The open() Python built-in (https://docs.python.org/3/library/functions.html#open) by default opens with rt which is read text mode which uses some default encoding. Apparently this encoding in our cross compilation environment is ASCII which caused fprime-util to barf on fprime-util generate:

$ fprime-util generate -DCMAKE_TOOLCHAIN_FILE=/opt/cross_toolchain/aarch64-gnu-4.9.toolchain.cmake
Traceback (most recent call last):
  File "/usr/bin/fprime-util", line 33, in <module>
    sys.exit(load_entry_point('fprime-tools==2.0.2', 'console_scripts', 'fprime-util')())
  File "/usr/lib/python3.6/site-packages/fprime_tools-2.0.2-py3.6.egg/fprime/util/__main__.py", line 14, in main
  File "/usr/lib/python3.6/site-packages/fprime_tools-2.0.2-py3.6.egg/fprime/util/build_helper.py", line 330, in utility_entry
  File "/usr/lib/python3.6/site-packages/fprime_tools-2.0.2-py3.6.egg/fprime/fbuild/builder.py", line 519, in find_nearest_deployment
  File "/usr/lib/python3.6/encodings/ascii.py", line 26, in decode
    return codecs.ascii_decode(input, self.errors)[0]
UnicodeDecodeError: 'ascii' codec can't decode byte 0xe2 in position 2000: ordinal not in range(128)

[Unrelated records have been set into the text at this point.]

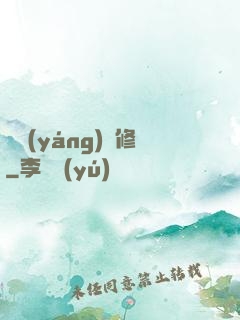 陰陽(yáng)雙修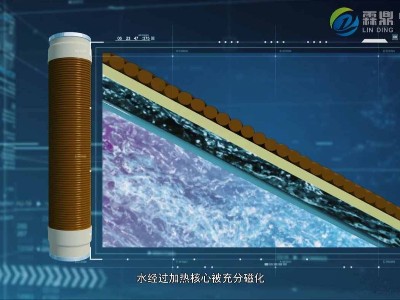 電磁采暖爐的電磁輻射。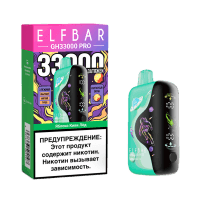  НСЖ ElfBar GH PRO 33000 - Яблоко Киви Лед фотография небольшая 1табачный.рф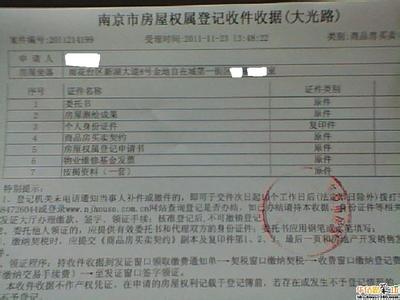 南京房产证在哪里办 在南京别墅办理房产证要什么材料？在哪里缴费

The following git patch explicitly opens with utf8 encoding. Not sure what the ramifications of this would be on other projects and users, but here it is for your consideration.

diff --git a/src/fprime/fbuild/builder.py b/src/fprime/fbuild/builder.py
index 5e7a2f8..76b66df 100644
--- a/src/fprime/fbuild/builder.py
+++ b/src/fprime/fbuild/builder.py
@@ -524,7 +524,7 @@ class Build:
         if not full_path.parents:
             raise UnableToDetectDeploymentException()
         if list_file.exists():
-            with open(list_file) as file_handle:
+            with open(list_file, encoding='utf8') as file_handle:
                 text = file_handle.read()
             if Build.VALID_CMAKE_LIST.search(text):
                 return full_path
diff --git a/src/fprime/fbuild/cmake.py b/src/fprime/fbuild/cmake.py
index 3e215ef..b7e85c8 100644
--- a/src/fprime/fbuild/cmake.py
+++ b/src/fprime/fbuild/cmake.py
@@ -393,7 +393,7 @@ class CMakeHandler:
         if not os.path.isfile(cmake_file):
             raise CMakeProjectException(source_dir, "No CMakeLists.txt is defined")
         # Test the cmake_file for project(
-        with open(cmake_file) as file_handle:
+        with open(cmake_file, encoding='utf8') as file_handle:
             project_lines = list(
                 filter(lambda line: "project(" in line, file_handle.readlines())
             )

EDIT: I should note the patch is based on 3819631ece03008d75bfa9ad978b9298f651c85c

Answer 1 · 2021-12-08T21:17:07.000Z

This should be a pretty effective change. Plain ASCII should work in UTF-8 but UTF-8 would also work in UTF-8.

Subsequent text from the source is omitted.